Ismoil was released after 9 years in prison. While leaving prison meant freedom, it also meant being unemployed. Ismoil had to deal with his lack of professional experience, education or social network to rely on. On top of that, as an ex-convict, Ismoil was an easy target for police harassment.
Through a friend still in prison, he heard of the services provided by the Bureau on Human Rights and Rule of Law (BHR) at the service desk for ex-prisoners in Dushanbe. The project operates in four Tajik cities, providing free legal and psychological counselling for former convicts. It also refers clients to centres providing treatment for drug and alcohol abuse, which is a common problem among ex-prisoners. The project also works to improve the capacities of prisons, targeting both prison staff and convicts in Nurek Women’s Prison, with the aim to improve conditions in prison and to prepare prisoners for life on the outside.
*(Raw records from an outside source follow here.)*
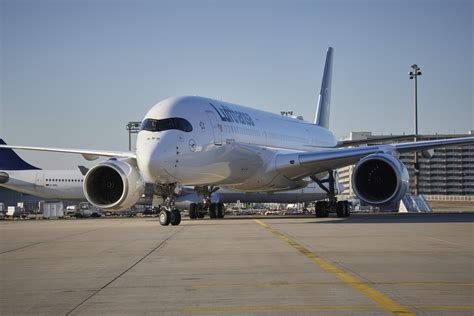 Lufthansa signs contract for four additional Airbus A350-900 aircraft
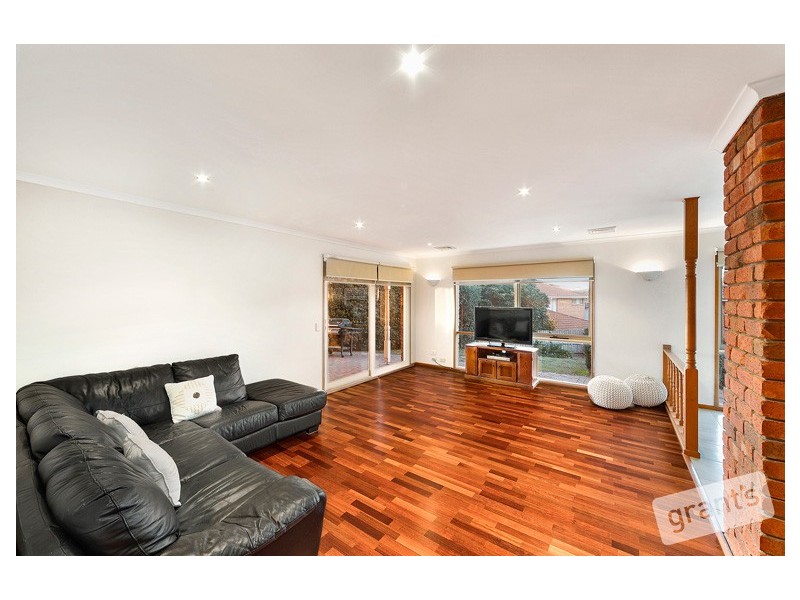 6 Werona Court, Berwick VIC 3806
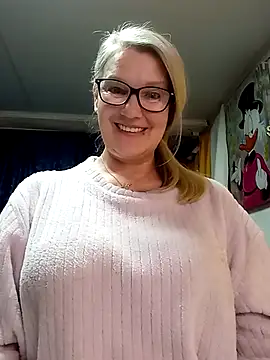 irinamaux online show from April 2026 07:42:01 PM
At the service desk, a lawyer and a psychologist are at hand to provide their services for ex-prisoners. Zarrina Alimshoeva, the centre’s psychologist, says that clients who come to her are often traumatised, afraid and lack self-esteem. They do not know how to deal with what they have experienced in prison or whom to contact for help with such issues and legal concerns. The centre combines psychological support with legal advice, if requested by the clients. The Government of Tajikistan has no system of social services for ex-prisoners. Instead, the centre relies on good relations with prison staff for referrals to the service desk of prisoners who are about to be released.
For Ismoil, the services of Zarrina and her colleague changed his life. ‘When I came to Zarrina, I felt like I could stretch my wings. Whenever I face any challenges, I pass by or call them’, says Ismoil.
The lawyer at the centre has managed to help Ismoil deal with groundless indemnity claims from authorities and Zarrina has helped him restore his self-confidence.
As a result of this support, Ismoil was able to find a job as a forest ranger, therefore providing for himself. After contacting the BHR service desk he does not feel so lonely. ‘After I was released I had no friends. But now I have a lawyer and a psychologist, and I see them as my friends’, says Ismoil.
*Ismoil is a fictional name used to protect the identity of the person.